Essa universalidade da relação eu-e-o-outro não exclui nenhuma categoria de pessoas, afinal todos possuem o mesmo gérmen humano.


A sociedade complexa da alta modernidade, como definem alguns autores, apresenta uma situação social que não é nova, mas que de um certo modo está carregada de nova complexidade, devido à presença de estruturas e instituições que estão presentes como mediadoras da relação entre as pessoas.


Como então, compreender a importância das instituições na vida relacional?

A instituição – política, econômica, social e cultural – é o terceiro elemento que se insere na relação face-a-face, criando um novo tipo de relacionamento humano, agora não mais direto, onde do outro não conhecemos nem a face nem o nome. Entretanto, o fato desse anonimato não significa que o outro perca sua dignidade enquanto pessoa. Cada um, portanto, que é atingido pela ação institucional, continua sendo uma pessoa distinta que somente posso alcançá-la mediante os canais institucionais.

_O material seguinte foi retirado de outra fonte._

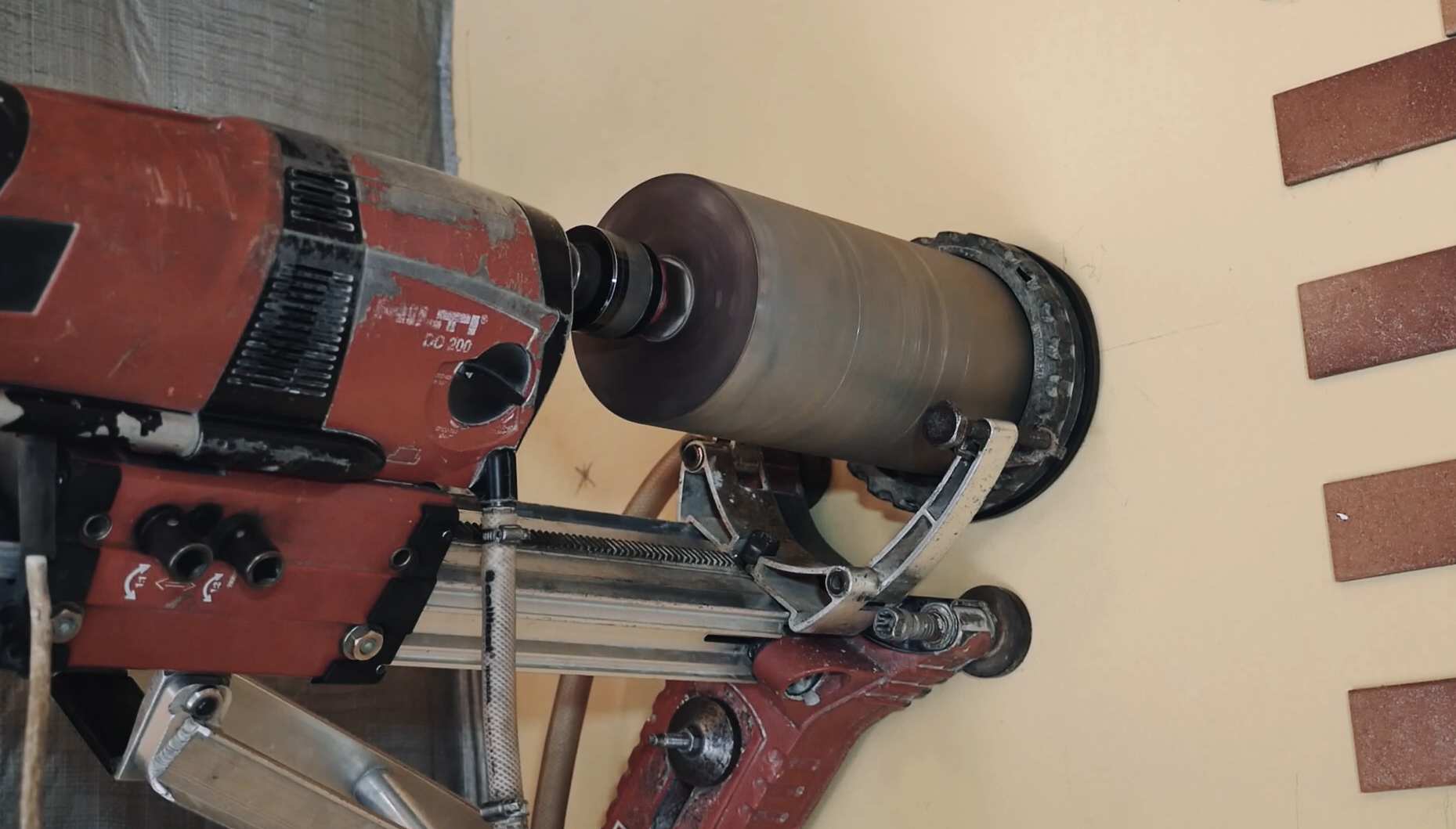 Алмазне буріння бетону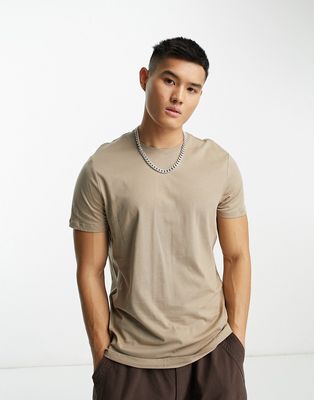 New Look crew neck t-shirt in brown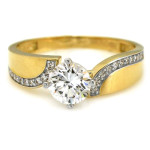Złoty pierścionek  z cyrkoniami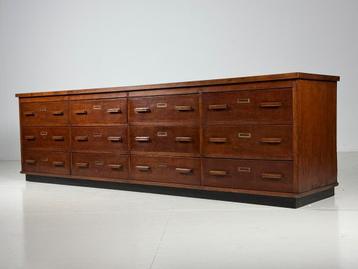 Apothekerskast dressoir jaren 60 vintage groot beschikbaar voor biedingen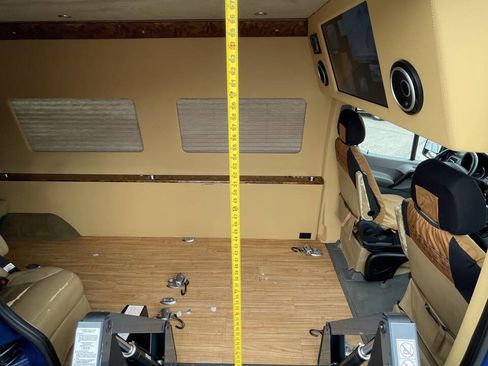 Used 2014 Mercedes-Benz Sprinter 2500 image 38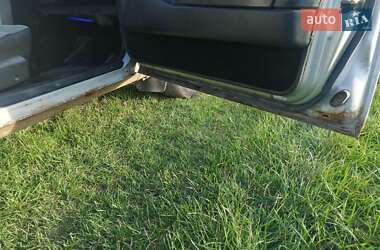 Седан Mazda 626 1985 в Ровно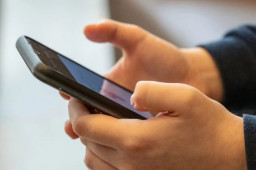   干部用识图APP拍摄机密材料遭泄露 缩略图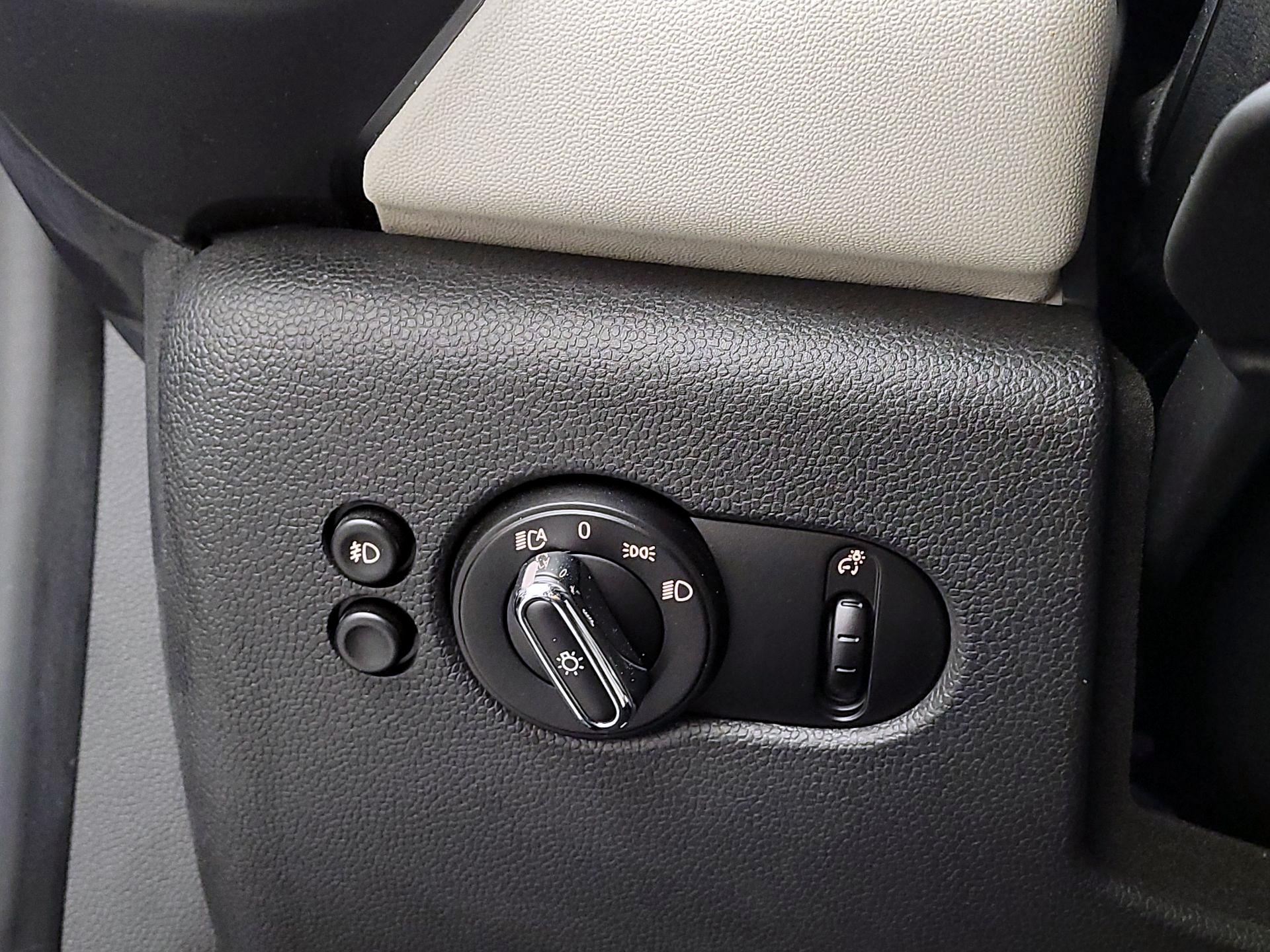 Thumbnail: 2020 MINI Cooper Hardtop - 13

As instituições, assim entendidas, podem ser instrumentos que ajudam a alargar, ampliar e estender a rede de relações humanas. Naturalmente isso não se dá de forma automática e estável, mas envolve sempre a vontade, inteligência, conhecimento e escolhas dos agentes com nelas engajados e das pessoas em geral. As instituições não se renovam por si mesmas; dependem da renovação das pessoas e de seu compromisso em incidir sobre as instituições, continuamente, para modificá-las, aprimorá-las.


Portanto, concebo que a crítica às instituições e às políticas que vêm sendo adotadas no Brasil precisa fazer uma leitura ampla e objetiva, buscando compreender as motivações, estratégias, realizações e contradições. Seguindo o pensamento de Boff, deve ser uma crítica substantiva e não adjetiva, tendo presente que o outro é sempre um-outro-de- mim, sem o qual não posso construir o espaço social. Penso que, dessa forma, poderá contribuir bastante para o desenvolvimento de nossa liberdade e o aprimoramento de nossa democracia.


É uma caminhada de aprendizagem continua. Não apenas de crítica, mas conjuntamente de autocrítica.